Setup Users

Terminology

This section defines Security Terms used throughout this document.

Table 2-1 Security Terms

Term	Definition
Application Administrator	A customer application admin user who can perform application configurations via EICS admin screen.
Application Implementer	System implementer is user who implements the application.
Application Role	An application role is a collection of users and other application roles. Application roles are defined in applications, and they are not necessarily known to a Java Container.
Application System Operator	Application system operator user can perform application setup and configurations, including operations which are restricted to other application users.
Customer Cloud Administrator	A delegated customer cloud user for customer cloud management tasks, for example create customer security admin user, and other users.
Customer Security Admin	A customer security admin user who can create customer users and assign application roles.
Enterprise Group	An enterprise group is a collection of users and groups. Enterprise groups are defined in security store and are known to java EE server container.
Store Manager	A user who performs store manager role.
Store User	A user who performs store operations with assigned role permissions.
User	A user is an end-user accessing a service or application.

User Types and Responsibilities

Users in SIOCS are divided into the following types based on their job duties.

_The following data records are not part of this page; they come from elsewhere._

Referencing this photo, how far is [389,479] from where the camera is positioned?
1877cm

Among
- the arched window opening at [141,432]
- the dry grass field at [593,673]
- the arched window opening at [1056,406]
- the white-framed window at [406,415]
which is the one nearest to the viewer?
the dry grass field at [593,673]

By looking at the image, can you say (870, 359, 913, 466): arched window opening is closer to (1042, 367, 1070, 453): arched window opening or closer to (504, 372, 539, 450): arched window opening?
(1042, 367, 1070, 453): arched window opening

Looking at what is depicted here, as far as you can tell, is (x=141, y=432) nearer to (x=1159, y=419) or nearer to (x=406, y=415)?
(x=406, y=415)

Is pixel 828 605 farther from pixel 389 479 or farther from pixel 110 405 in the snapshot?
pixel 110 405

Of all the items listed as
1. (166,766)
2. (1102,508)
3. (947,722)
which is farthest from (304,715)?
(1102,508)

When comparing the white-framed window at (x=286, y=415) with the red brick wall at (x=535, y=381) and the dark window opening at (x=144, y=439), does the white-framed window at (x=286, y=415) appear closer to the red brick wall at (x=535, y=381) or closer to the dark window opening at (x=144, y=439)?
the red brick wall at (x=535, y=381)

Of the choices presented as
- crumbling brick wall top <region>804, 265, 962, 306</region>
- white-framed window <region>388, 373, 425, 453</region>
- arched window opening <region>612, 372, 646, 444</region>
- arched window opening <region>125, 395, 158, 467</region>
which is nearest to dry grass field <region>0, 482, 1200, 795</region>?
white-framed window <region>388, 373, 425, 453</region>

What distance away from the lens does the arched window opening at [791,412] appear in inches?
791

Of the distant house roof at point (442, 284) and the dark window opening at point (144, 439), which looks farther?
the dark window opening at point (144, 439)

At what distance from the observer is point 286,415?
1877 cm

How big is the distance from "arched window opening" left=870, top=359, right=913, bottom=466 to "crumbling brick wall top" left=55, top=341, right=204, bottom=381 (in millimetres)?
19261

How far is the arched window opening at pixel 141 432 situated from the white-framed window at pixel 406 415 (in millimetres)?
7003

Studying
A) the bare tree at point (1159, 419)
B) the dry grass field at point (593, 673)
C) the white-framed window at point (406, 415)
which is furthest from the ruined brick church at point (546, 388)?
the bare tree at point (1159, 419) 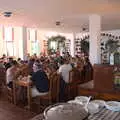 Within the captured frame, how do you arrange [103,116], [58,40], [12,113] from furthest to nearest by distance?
1. [58,40]
2. [12,113]
3. [103,116]

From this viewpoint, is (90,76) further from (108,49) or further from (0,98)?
(108,49)

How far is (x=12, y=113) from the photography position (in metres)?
4.55

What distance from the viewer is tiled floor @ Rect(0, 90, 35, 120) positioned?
4.29 m

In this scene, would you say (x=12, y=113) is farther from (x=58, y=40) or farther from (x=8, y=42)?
(x=58, y=40)

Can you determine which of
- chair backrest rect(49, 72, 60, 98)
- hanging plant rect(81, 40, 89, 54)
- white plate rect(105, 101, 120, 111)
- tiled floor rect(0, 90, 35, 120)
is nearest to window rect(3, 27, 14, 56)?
hanging plant rect(81, 40, 89, 54)

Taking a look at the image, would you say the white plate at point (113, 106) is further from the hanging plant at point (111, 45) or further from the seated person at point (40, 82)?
the hanging plant at point (111, 45)

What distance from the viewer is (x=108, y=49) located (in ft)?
39.7

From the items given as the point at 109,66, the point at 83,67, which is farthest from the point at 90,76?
the point at 109,66

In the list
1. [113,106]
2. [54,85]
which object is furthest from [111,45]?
[113,106]

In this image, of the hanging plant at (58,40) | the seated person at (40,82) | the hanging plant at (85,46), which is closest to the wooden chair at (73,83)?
the seated person at (40,82)

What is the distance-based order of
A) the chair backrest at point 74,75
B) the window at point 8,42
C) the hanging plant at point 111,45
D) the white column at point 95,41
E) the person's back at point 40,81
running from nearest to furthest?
→ the person's back at point 40,81, the chair backrest at point 74,75, the white column at point 95,41, the hanging plant at point 111,45, the window at point 8,42

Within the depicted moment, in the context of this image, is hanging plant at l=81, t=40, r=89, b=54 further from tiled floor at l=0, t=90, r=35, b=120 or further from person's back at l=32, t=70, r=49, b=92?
person's back at l=32, t=70, r=49, b=92

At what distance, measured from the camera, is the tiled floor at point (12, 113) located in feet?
14.1

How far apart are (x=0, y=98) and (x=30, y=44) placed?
8741mm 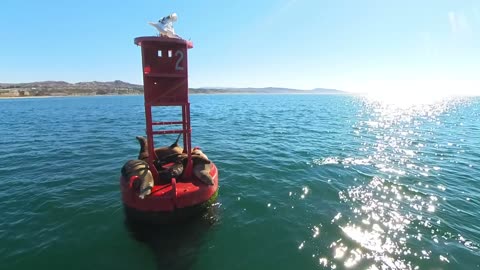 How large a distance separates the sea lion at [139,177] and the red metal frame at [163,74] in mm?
476

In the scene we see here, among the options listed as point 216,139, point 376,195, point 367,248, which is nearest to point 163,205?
point 367,248

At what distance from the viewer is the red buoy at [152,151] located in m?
9.24

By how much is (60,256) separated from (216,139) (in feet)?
60.3

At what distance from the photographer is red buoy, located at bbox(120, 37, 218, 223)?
9.24m

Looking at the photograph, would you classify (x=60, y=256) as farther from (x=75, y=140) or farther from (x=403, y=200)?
(x=75, y=140)

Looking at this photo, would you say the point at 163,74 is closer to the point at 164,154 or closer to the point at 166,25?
the point at 166,25

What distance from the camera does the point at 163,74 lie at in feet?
32.1

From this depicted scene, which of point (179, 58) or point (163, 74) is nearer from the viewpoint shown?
point (163, 74)

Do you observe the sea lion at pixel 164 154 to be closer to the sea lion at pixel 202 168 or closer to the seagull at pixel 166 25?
→ the sea lion at pixel 202 168

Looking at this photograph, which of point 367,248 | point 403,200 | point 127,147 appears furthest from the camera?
point 127,147

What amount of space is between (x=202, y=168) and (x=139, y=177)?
2.54 meters

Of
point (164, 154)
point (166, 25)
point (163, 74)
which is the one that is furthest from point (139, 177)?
point (166, 25)

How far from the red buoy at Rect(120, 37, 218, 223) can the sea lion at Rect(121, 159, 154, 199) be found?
10 cm

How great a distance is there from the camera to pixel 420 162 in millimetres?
18281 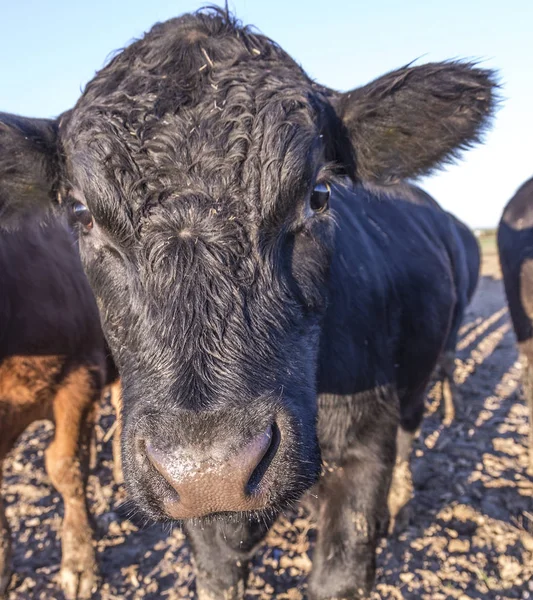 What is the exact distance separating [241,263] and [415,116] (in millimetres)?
1306

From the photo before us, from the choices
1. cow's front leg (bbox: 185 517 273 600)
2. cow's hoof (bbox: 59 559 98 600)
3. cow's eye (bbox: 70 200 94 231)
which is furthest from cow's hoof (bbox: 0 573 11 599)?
cow's eye (bbox: 70 200 94 231)

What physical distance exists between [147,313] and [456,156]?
5.92ft

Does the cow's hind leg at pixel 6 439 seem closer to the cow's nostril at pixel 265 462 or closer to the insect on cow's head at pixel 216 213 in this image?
the insect on cow's head at pixel 216 213

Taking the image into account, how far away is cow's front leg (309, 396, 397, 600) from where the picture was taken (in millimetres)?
2840

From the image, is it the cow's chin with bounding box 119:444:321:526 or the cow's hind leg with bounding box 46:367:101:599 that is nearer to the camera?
the cow's chin with bounding box 119:444:321:526

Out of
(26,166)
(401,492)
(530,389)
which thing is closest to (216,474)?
(26,166)

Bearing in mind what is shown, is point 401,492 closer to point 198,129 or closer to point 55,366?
point 55,366

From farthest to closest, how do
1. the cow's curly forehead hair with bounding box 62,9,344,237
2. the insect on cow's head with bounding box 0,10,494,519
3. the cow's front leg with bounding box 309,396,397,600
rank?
the cow's front leg with bounding box 309,396,397,600
the cow's curly forehead hair with bounding box 62,9,344,237
the insect on cow's head with bounding box 0,10,494,519

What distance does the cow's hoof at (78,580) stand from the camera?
362 centimetres

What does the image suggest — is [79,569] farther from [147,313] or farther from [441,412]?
[441,412]

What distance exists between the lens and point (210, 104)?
212 centimetres

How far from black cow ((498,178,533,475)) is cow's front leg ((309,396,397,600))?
8.50 ft

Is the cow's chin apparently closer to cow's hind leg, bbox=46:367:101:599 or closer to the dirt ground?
the dirt ground

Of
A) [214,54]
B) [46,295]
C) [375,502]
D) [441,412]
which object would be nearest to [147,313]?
[214,54] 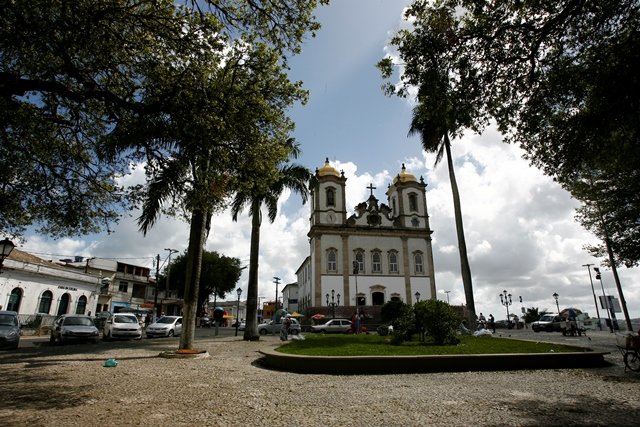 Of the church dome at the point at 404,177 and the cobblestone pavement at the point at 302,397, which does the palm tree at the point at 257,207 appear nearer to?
the cobblestone pavement at the point at 302,397

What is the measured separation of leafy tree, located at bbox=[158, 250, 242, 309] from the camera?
172ft

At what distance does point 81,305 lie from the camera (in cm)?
3684

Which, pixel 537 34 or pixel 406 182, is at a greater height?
pixel 406 182

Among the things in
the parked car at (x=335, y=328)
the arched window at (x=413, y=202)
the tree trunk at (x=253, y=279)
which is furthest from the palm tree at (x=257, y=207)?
the arched window at (x=413, y=202)

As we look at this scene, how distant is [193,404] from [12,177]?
753 centimetres

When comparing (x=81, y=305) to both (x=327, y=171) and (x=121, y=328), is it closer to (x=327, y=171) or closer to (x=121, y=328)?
(x=121, y=328)

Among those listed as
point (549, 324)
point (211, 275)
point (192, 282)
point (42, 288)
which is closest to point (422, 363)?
point (192, 282)

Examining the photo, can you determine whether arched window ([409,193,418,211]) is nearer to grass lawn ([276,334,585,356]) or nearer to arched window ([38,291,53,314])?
grass lawn ([276,334,585,356])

Table 2-2 User Types and Responsibilities

User Type	Responsibilities
Application Implementer	Data Seeding Configuration Operation Issues
Customer Cloud Administrator Security Admin	Create Additional App Users
Application Administrator	Configure System Configure Store
Store Manager	Store Management
Store User	Store Operations
Retail Home User	A user who can access EICS tile reports on Retail Home and navigate to related operational views in EICS from there.

In addition to application users, integration users need to be setup based on integrated applications.

User Access Control

Users of SIOCS have roles through which they gain access to functions and data.

Security implementation involves the management of:

Assign security groups to corporate operational users
Assign application roles to store users

Assign Customer-Cloud-Admin User and Security-Admin User

This is for Retailer's admin to setup other users. This user has application Administrator role assigned. This user can be created and managed by customer in IDCS or OCI IAM.

The Cloud service administrator may setup additional users based on their job duties.

IDCS or OCI IAM Application Roles assigned to Application Admin User:

admin_users
security_users
mps_users
batch_users
global_store_users
full_permission_users

Users also need to be assigned application roles via SIOCS Security Admin Role permission console. For details on how to use the SIOCS administration screens, see the Oracle Retail Enterprise Inventory Cloud Service Security Guide and the Oracle Retail Enterprise Inventory Cloud Service User Guide Security chapter.

Assign Implementation Users

Implementation users perform the key setup tasks to start your implementation. As part of initial setup, add an implementation user, and give them login credentials and the url for your Oracle Applications. The Cloud service administrator may setup additional users for performing implementation tasks. To create implementation users and the data roles for performing the tasks, the service administrator performs following tasks:

Create Implementation users and assign appropriate security IDCS or OCI IAM Application Roles in IDCS or OCI IAM
Assign SIOCS Application Roles in SIOCS Security Admin Console to implementation users, optionally you can create custom roles and data roles to assign to implementation users

Users also need to be assigned application roles via SIOCS Security Admin Role permission console. For details on how to use the SIOCS administration screens, see the Oracle Retail Enterprise Inventory Cloud Service Security Guide and the Oracle Retail Enterprise Inventory Cloud Service User Guide Security chapter.

Assign Store Users

The Customer security admin user will need to setup the additional application users and store users using IDCS or OCI IAM and assign EICS application permissions and stores to store users via SIOCS Security Users Screens.

Store assignments control the stores available for a user to login to. Users can be assigned access to specific stores through the SIOCS security admin UI.

Steps to setup users and permissions:

Custom Security Admin creates application users in Oracle Identity Cloud Service (IDCS) or Oracle Cloud Infrastructure Identity and Access Management (OCIIAM)
Assign IDCS or OCI IAM Application Roles which are applicable to application users based on their job duties
Define Custom Roles for non-Administrator role. You may assign the Default ADMINISTRATOR role to admin user.
Assign permissions to Role:

EICS defines two default application roles (ADMININISTRATOR and MANAGER), you may define custom roles to control user accesses based on job duties. There are 350+ roles permissions that decide how users access functionality. For details, see the Oracle Retail Enterprise Inventory Cloud Service Administration Guide - Configuration chapter.
Assign user to roles and stores:

Once stores are seeded into EICS, in SIOCS Security screen, customer security admin can assign users to stores, application roles. You may assign a single user to stores or use SIOCS UI Spreadsheet Data Loader to upload user role assignments.

See Oracle Retail Enterprise Inventory Cloud Service Security Guide - Application Security chapter, Mass Assigning Roles and Stores section and SIOCS UI Spreadsheet Data Loader.